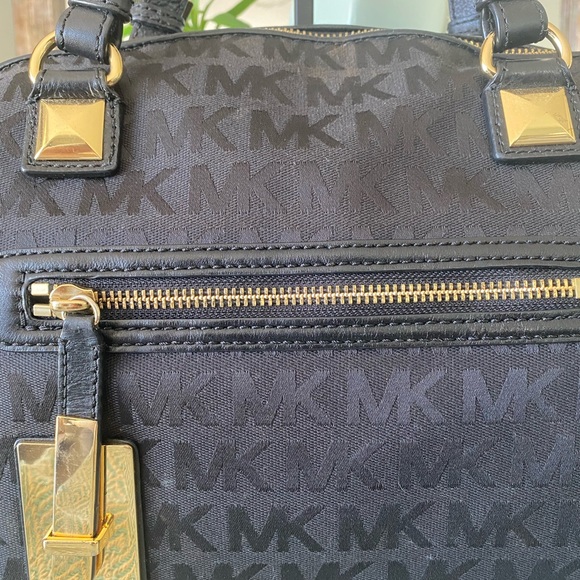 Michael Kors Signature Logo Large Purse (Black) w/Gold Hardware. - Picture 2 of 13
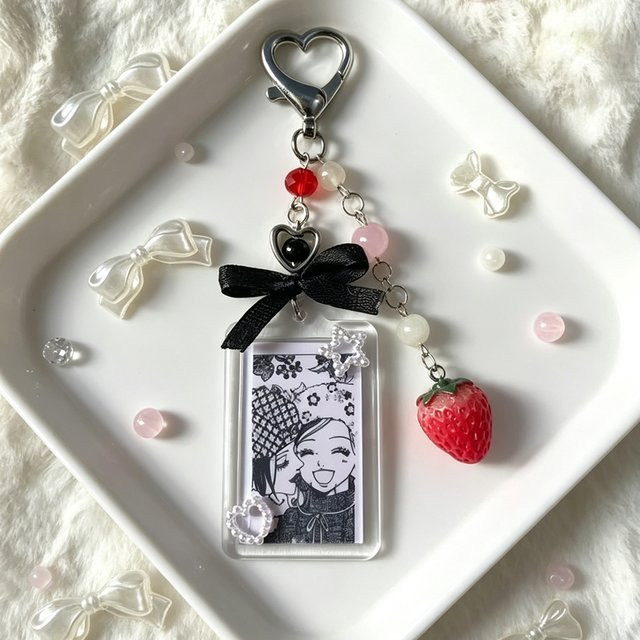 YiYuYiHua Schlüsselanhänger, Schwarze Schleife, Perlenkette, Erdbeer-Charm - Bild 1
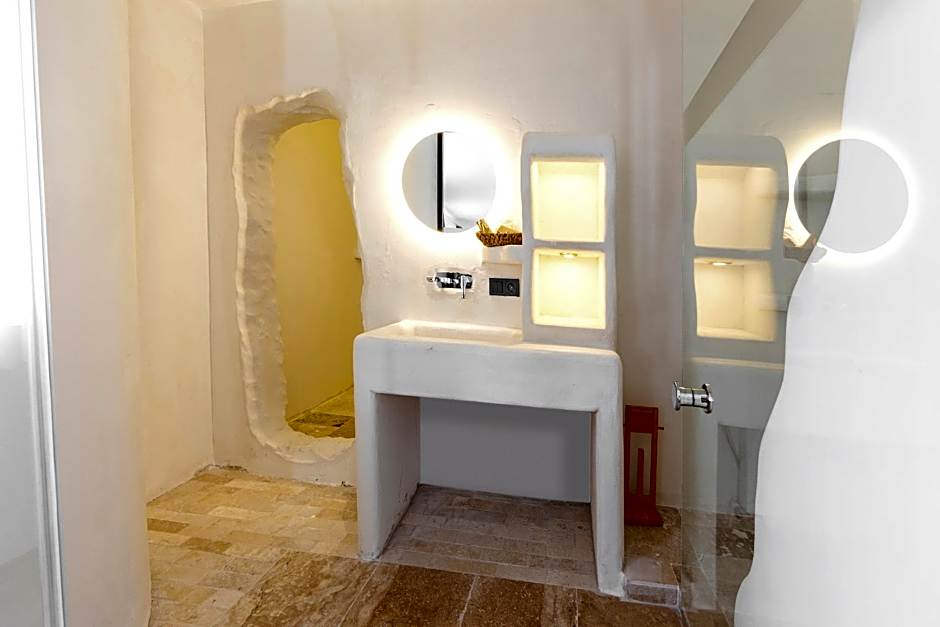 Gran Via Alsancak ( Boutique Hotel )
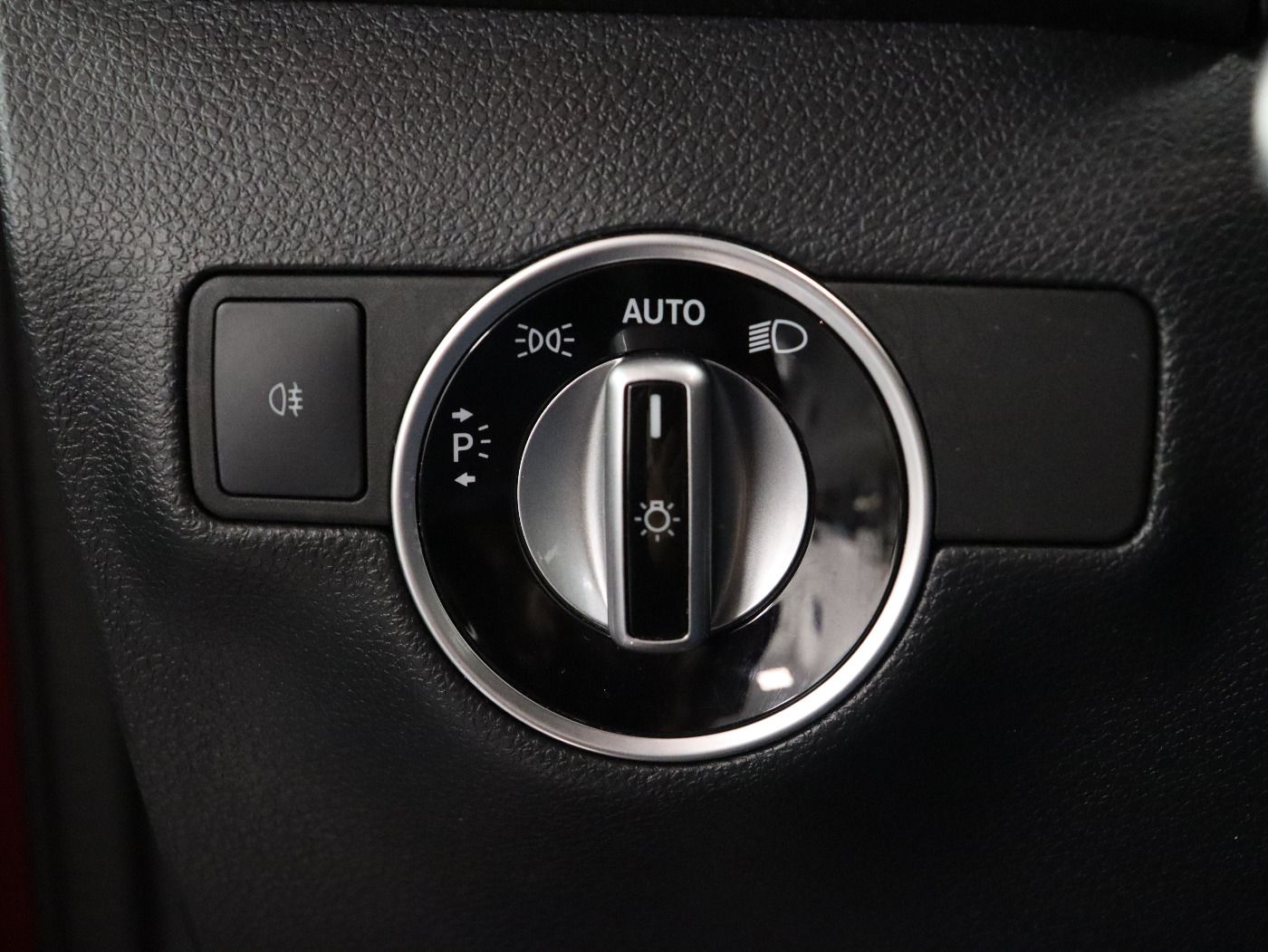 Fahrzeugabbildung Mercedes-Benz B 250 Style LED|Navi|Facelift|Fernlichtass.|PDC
========================================
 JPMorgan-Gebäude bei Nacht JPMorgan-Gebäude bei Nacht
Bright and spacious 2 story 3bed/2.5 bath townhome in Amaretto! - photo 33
========================================
Goal of the exercise =
Everything above from the line containing "JPMorgan-Gebäude bei Nacht JPMorgan-Gebäude" down to the line containing "Bright and spacious" should be copied exactly, both end lines included, and nothing else.

Solved exercise =
 JPMorgan-Gebäude bei Nacht JPMorgan-Gebäude bei Nacht
Bright and spacious 2 story 3bed/2.5 bath townhome in Amaretto! - photo 33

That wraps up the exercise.